The 33-page document released Thursday night by the White House is overflowing with sweeping aspirations and generalizations but short on details. What it aims to offer instead is a corrective to what this administration sees as undisciplined moralizing by foreign policy elites that led the United States into a kind of strategic insolvency.
By being everything all at once, it risks being nothing at all. “America First,” the document explains, means being “pragmatic without being ‘pragmatist,’ realistic without being ‘realist,’ principled without being ‘idealistic,’ muscular without being ‘hawkish,’ and restrained without being ‘dovish.’” Good luck with all that.
But it’s not all pablum. Some ideas threaded through the strategy are quite sound.
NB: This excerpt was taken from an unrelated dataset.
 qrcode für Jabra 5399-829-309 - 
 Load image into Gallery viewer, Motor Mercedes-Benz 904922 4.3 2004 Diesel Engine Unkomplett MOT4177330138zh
Trump’s relentless focus on burden-sharing in Asia and Europe has ruffled feathers, but it’s laudable, and long overdue, to push allies to spend more on defense. So is the admission that isolationism is a non-starter “for a country whose interests are as numerous and diverse as ours” — a message more than a few administration officials would benefit from internalizing.
Other points are more debatable. Unchecked migration has angered enough voters for Trump to ride to victory twice. But it’s not useful to lump economic and assimilation concerns with fear-mongering about heading off “invasions” of drug cartels, human traffickers and terrorists. That has yielded a confused and confusing policy on Venezuela.
Similarly, a maniacal drive to address trade imbalances through bilateral diplomacy, often by threatening sledgehammer tariffs, has brought mixed results at best. Yes, tariff revenues are flowing in, but pressure on consumer prices is building. And bullying accelerates a rebalancing of the international order. See India’s warm welcome this week for Russian President Vladimir Putin.
A few elements of the report border on bizarre. The document foreswears imposing values on autocratic societies while simultaneously vowing to meddle in the internal affairs of other democracies, “especially” those of allies.
On Asia, the strategy evinces a clear understanding that the U.S. must remain economically predominant. The document correctly identifies Chinese economic coercion and Beijing’s attempts to distort global trade as threats. An emphasis on securing U.S. supply chains is valuable. The language on Taiwan is also adequately muscular and linked to securing access to trade routes in the South China Sea.
Ultimately, there’s plenty to work with in this grab bag of ideas. But like its predecessors, this is less a strategy than a mood board.